Front-Running

Front-running, also known as forward trading or trading ahead, occurs when a broker or trader takes advantage of foreseeable market movements by trading on his or her personal account based on advanced knowledge of a pending order. In the traditional example, a broker learns of a large client order and trades on her own individual account before the client order is executed. The broker, anticipating that the large client order will move market prices, structures her trades to ensure she will profit from the shift.

Front-running occurs in a number of markets, including those for stocks, index funds, foreign exchange markets (forex), collateralized debt obligations, and other securities and commodities. And in high-frequency trading (HFTs), front runners notoriously employ high-speed computer programs to detect large competitor orders, and then trade ahead of them.
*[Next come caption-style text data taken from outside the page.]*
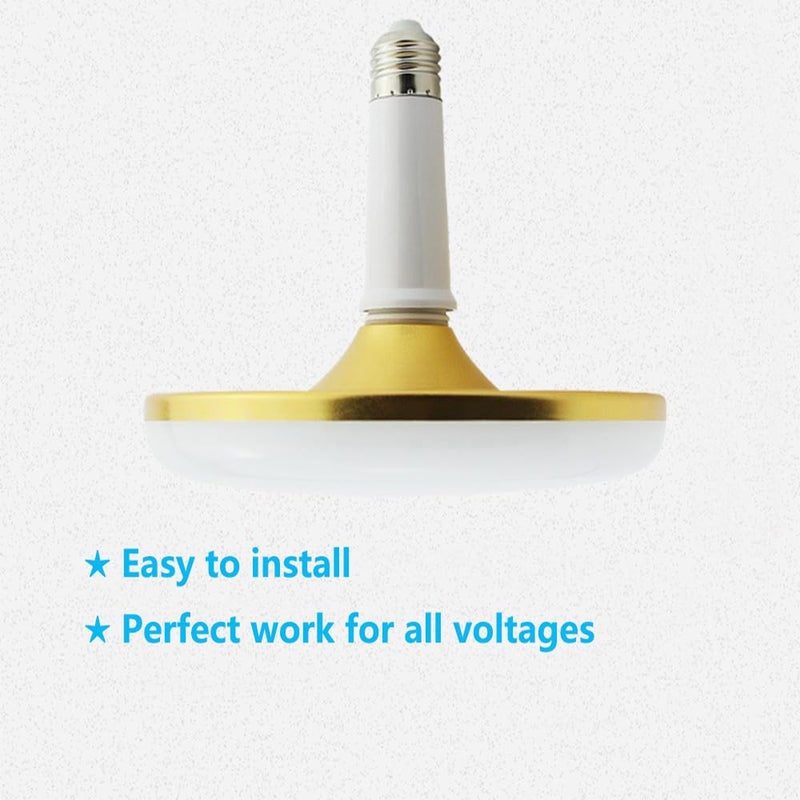 [Australia - AusPower] - E26 Socket Extender, E26 to E26 Standard Medium Base, 4.72 inch Extension Socket Adapter, Light Bulb Socket Extension, Lamp Holder Adapter?3 Pack? 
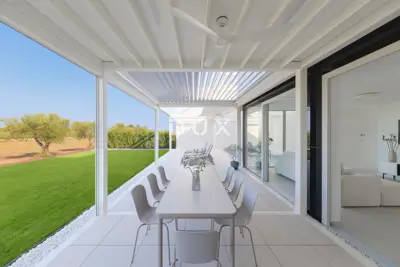 Vila 126 m², Umag - pogled na more i privatni bazen - 5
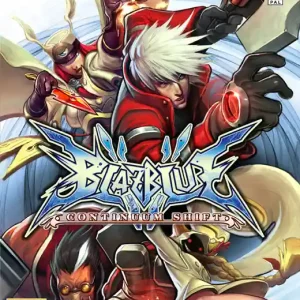 BlazBlue Continuum Shift - Xbox 360 | Slutrea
Although front-running is widely considered unethical, it is not on always illegal—but it can be if the front runner is using information that is not available to the public, and if he or she violates a duty of loyalty to the client. Depending on the type of equity traded and the type of transaction, illegal front-running can fall under the purview of the Securities and Exchange Commission (SEC), the Commodities Futures Trading Commission (CFTC), or both, and may give rise to a whistleblower reward. The SEC in particular has a strong history of bringing regulatory actions and lawsuits against individuals and firms engaged in illegal front-running.